El Gobierno de España y las marcas automovilísticas garantizan un importe de 1.500 euros para todo el territorio español, pero se elevarán hasta 2.000 euros en comunidades como Castilla y León, Aragón, Asturias y Cantabria, donde los Ejecutivos autonómicos también han aprobado una ayuda de otros 500 euros. El 14 de mayo el ministro de Industria, Miguel Sebastián, se reunió con los consejeros autonómicos del ramo para perfilar la coordinación de estas ayudas sobre el formato propuesto por el presidente del Gobierno de aportar 1.000 euros las marcas automovilísticas, 500 el Ejecutivo y otros 500 las comunidades autónomas.
En esa reunión, algunas comunidades como Madrid, que mantendrá el 20% de descuento sobre el Impuesto de Matriculación, rechazaron la propuesta de la Administración Central, mientras que en el caso de Cataluña, vinculó la concesión de ayudas a los compradores de turismos a la financiación autonómica. Al día siguiente, el portavoz de la Junta, José Antonio de Santiago, anunció la subvención de 500 euros de la Administración regional, que se sumará a las otras dos.

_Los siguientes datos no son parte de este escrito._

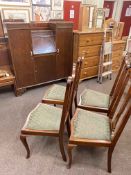 1920s/30s oak bureau centre cabinet and set of four mahogany cabriole leg dining chairs.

También distintas marcas de automóviles han puesto ya en marcha ofertas que incluso se elevan por encima de esa cantidad. Aunque en un principio el planteamiento era hacer efectivas las ayudas el 1 de junio, el temor a que un excesivo retraso acentúe el desplome de los últimos meses en el mercado, por la demora en la intención de compra de los consumidores para beneficiarse de las ayudas, ha obligado a este adelanto de fechas.
El Gobierno ha dotado al Plan 2000E con un presupuesto de cien millones de euros y le otorga una vigencia de un año o hasta el agotamiento de los fondos, y con ello se esperan cubrir 200.000 operaciones de compra. Podrán acogerse particulares, autónomos y pymes que adquieran un coche nuevo u otro de menos de dos años de antigüedad con un precio inferior a 30.000 euros a cambio de otro destinado al achatarramiento. Los de segunda sumarán mil euros de ayuda.